International Space Station battery debris falls on Florida home…so should Keraunothnetophobics be afraid?

by | Apr 17, 2024 | History, International Space Station, Seradata News

Keraunothnetophobia, as defined by some online dictionaries, is the fear of falling artificial satellites and other space objects. It is not to be confused with Keraunophobia, the fear of lightning strikes.

Although often regarded as especially irrational, Keraunothnetophobics’ fears turned out to be partly justified when a 1 kg object from the International Space Station (ISS) crashed through the roof and two floors of the Otero family home in Naples, Florida, in March. Luckily no one was hurt but the family were understandably stunned and have alleged that the ISS object nearly hit one of them. It is likely that NASA will face a claim for third-party damage.

“Keraunothnetophobia”

noun

pronounced kee-ran-o-net-o-fow-bee-uh, (we think)

 

an exaggerated fear of being struck by artificial satellites

 

Note: The term has not yet been formally recognised by major dictionaries such as the Oxford English Dictionary

The ISS robot arm release of the EP-9 Pallet with its discarded batteries aboard. Courtesy: NASAEarlier this month NASA confirmed that the object was the surviving piece of an EP-9 pallet, which had nickel hydride batteries on top. The pallet had been discarded by astronauts, using the ISS Canadarm-2 robot arm, on 11 March 2021. It had re-entered Earth’s atmosphere over the Gulf of Mexico at 1929 GMT on 8 March, between Cancun and Cuba (times and location are according to orbital analyst and astrophysicist Jonathan McDowell). At the time of its release, McDowell warned that, given its mass, debris from the truss and batteries might survive a later uncontrolled destructive re-entry.

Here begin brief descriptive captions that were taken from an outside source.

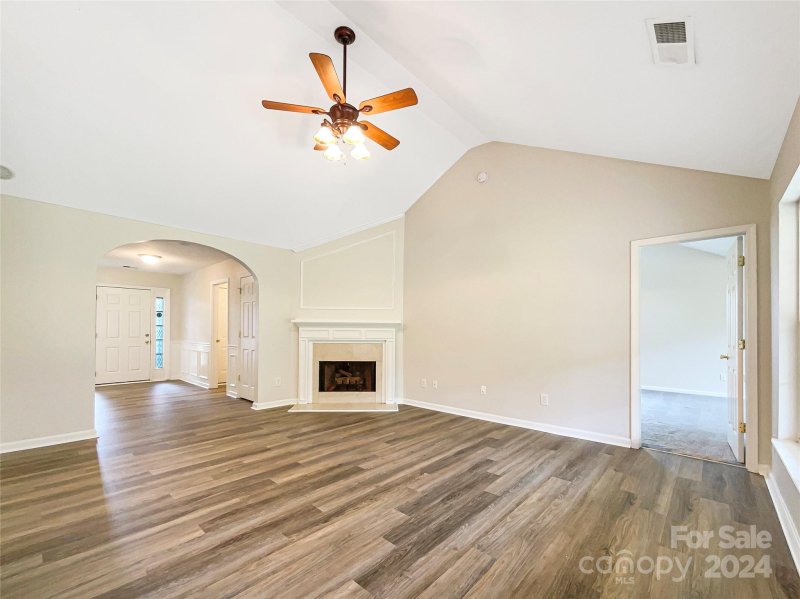 Property image 3 at 4619 Maple Crest Place, Harrisburg, NC 28075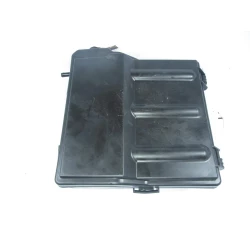 Computer / control unit other Audi A5, S5 2011 2.0TDI QUATTRO 8t0862335e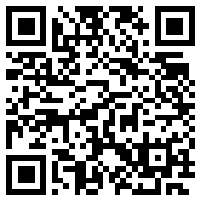 QR Code for bitcoin:bitcoin:bitcoin:1FXJdVGVuCKbM3bbKxFUdeoQo8VRGVX5gD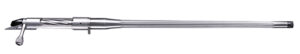 Bergara Rifles BPBA26308   308 Win 20" Contoured Stainless Steel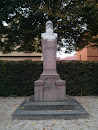 Denkmal Jahn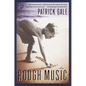 Rough Music - Paperback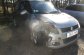 SUZUKI SWIFT 1.3 DDIS 3P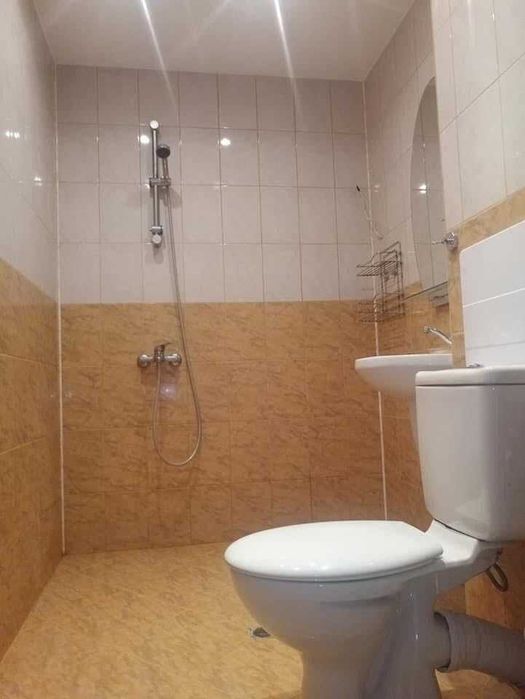 Едностаен имот в Света Троица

Items that survive re-entry are usually large and made of heat-resistant materials such as stainless steel. Round or circular cross-section tanks or parts are also more likely to survive due to having lower airflow induced thermal heating than sharper objects.

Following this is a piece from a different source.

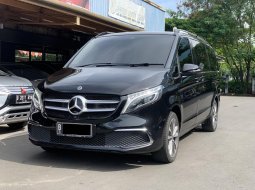 Mercedes-Benz V-Class V 260 2019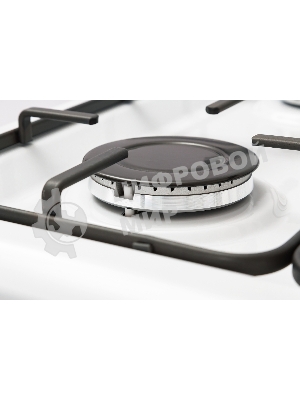 Комбинированная плита Renova SG5E-TW-TR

In this instance, the object had a circular cross section and was made of Inconel, a high temperature alloy. Investigators were thus able to identify it as a stanchion used to mount the batteries on the cargo pallet.

So, is this fear irrational? 

Most strikes on houses, or in one case a human, have involved rocket stages dropped off during launch. Of the 80 instances of third-party damage caused by falling space objects, recorded on the Seradata launch and satellite database, there are only six instances where hardware survived re-entry from orbit to cause damage on land.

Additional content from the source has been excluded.